Things That Have Tested Me Emotionally

I think the biggest hurdle for me emotionally is just maintaining energy and positivity. I truly believe that you attract what you give off, so I feel that if I remain positive, I’ll attract positive things. And here it’s so important to have good things happening. Of course if something bad is going to happen, it will, and there’s nothing really you can do about it. For the most part, however, people are nice and helpful and if you’re a nice person people will be nice to you back. It’s not always easy when you see so much desperation in people. I often struggle with the guilt of being a first world citizen. I have never known poverty, so I feel sad a lot seeing many of the people and their hardships. For myself to remain strong I need to accept my station in life, but its very difficult knowing that the amount I’m haggling for is still much much lower than I’d pay back home. It’s emotionally draining to lack privacy and familiarity. You just have this feeling of being constantly exposed. I want to be a good travel companion, so I try to keep myself positive and energetic all of the time, but it can be difficult. I don’t know necessarily if I want to be hardened after seeing all of the poverty and everything. I value my empathy and I believe that it is a strength, it’s just hard to manage sometimes. This trip will definitely test my emotional limits, that is for sure.

Things That Have Tested Me Physically

Although the views from the tops of mountains are incredible, I’ve never had much experience with inclines. Sometimes on a mountain it takes everything in me to go one more step, and I feel like giving up. I worry for my ability to hike in the Himalayas in Nepal in a month or two. Switching from a cubicle life to an active lifestyle has definitely been a transition. Walking around in the heat all day is pretty trying. My feet and legs are stronger than they were when we left, but some days are just exhausting. I am very lucky to have not gotten sick yet. I’m sure that’s on the horizon, but for now I am really appreciative that I’m healthy and active. I just need to stay hydrated!

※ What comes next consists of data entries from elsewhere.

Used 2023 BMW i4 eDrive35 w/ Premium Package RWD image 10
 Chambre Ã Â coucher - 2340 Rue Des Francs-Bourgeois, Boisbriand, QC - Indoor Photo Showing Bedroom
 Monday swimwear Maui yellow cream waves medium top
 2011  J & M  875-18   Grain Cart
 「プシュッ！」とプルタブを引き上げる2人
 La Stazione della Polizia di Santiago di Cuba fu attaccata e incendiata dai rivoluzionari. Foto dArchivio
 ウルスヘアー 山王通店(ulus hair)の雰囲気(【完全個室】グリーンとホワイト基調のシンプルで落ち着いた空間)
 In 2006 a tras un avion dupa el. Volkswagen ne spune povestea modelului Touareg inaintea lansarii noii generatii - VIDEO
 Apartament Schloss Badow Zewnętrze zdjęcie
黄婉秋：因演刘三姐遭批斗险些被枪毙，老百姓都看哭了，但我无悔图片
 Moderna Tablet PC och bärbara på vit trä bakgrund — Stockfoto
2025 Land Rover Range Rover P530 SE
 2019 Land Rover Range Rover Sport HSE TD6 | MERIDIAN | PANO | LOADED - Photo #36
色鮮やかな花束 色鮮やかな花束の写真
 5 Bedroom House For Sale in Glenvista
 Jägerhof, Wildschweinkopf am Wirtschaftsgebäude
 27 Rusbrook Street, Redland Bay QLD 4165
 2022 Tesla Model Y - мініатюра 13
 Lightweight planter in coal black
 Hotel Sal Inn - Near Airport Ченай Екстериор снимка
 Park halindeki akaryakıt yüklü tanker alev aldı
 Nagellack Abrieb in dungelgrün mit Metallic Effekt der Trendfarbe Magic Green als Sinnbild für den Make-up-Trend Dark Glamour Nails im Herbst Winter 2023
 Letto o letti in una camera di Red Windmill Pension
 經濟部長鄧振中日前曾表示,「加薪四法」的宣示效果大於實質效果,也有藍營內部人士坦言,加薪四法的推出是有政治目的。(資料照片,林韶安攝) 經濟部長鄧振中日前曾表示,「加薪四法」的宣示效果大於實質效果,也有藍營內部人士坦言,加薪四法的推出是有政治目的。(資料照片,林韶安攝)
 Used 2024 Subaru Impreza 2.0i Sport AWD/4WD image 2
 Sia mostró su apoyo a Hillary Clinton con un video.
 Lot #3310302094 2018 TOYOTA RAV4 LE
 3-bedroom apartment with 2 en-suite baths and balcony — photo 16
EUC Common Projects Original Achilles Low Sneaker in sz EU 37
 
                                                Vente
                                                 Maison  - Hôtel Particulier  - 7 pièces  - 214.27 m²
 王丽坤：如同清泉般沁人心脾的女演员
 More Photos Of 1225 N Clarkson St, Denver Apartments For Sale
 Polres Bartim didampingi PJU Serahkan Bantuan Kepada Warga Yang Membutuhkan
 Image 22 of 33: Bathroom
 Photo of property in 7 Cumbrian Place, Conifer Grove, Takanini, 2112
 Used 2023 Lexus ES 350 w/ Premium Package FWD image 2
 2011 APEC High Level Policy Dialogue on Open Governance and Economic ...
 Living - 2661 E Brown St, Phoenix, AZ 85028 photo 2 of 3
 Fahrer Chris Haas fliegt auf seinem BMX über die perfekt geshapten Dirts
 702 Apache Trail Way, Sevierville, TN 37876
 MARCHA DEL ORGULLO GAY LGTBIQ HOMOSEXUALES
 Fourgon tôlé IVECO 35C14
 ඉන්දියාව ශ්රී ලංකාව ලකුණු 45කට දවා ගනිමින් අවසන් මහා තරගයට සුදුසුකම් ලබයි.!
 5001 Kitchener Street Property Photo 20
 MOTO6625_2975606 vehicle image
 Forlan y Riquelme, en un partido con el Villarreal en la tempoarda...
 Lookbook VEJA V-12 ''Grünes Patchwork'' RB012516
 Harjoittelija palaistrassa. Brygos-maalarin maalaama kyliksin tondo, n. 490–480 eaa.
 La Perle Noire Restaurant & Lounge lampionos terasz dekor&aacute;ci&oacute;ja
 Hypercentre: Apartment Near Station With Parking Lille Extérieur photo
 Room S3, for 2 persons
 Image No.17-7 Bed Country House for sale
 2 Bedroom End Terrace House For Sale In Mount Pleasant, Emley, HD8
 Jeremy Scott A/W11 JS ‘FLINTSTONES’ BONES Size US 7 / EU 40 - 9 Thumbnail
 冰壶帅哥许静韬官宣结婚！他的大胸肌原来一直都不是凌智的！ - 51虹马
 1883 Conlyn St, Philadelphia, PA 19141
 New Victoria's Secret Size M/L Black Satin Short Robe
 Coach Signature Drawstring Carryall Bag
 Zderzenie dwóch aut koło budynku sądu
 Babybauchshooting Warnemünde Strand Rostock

Maybe I’m not too much wiser yet, but I have reflected and come up with something I will try and work on. Seeing and experiencing everything for the past month has encouraged me to really focus on being grateful every single day. I may not be able to do much for someone growing up in a third world country, but I can at least be really appreciative for all that I have in my life. I have a really good support system with my family and friends. I have a really great career waiting for me when I get back. I’m on a trip of a lifetime. I was born somewhere that a woman can really have a lot of influence and respect given to her. I truly am lucky and was given so many blessings and I hope to every day remind myself of that and do what I can to spread joy and positivity to others.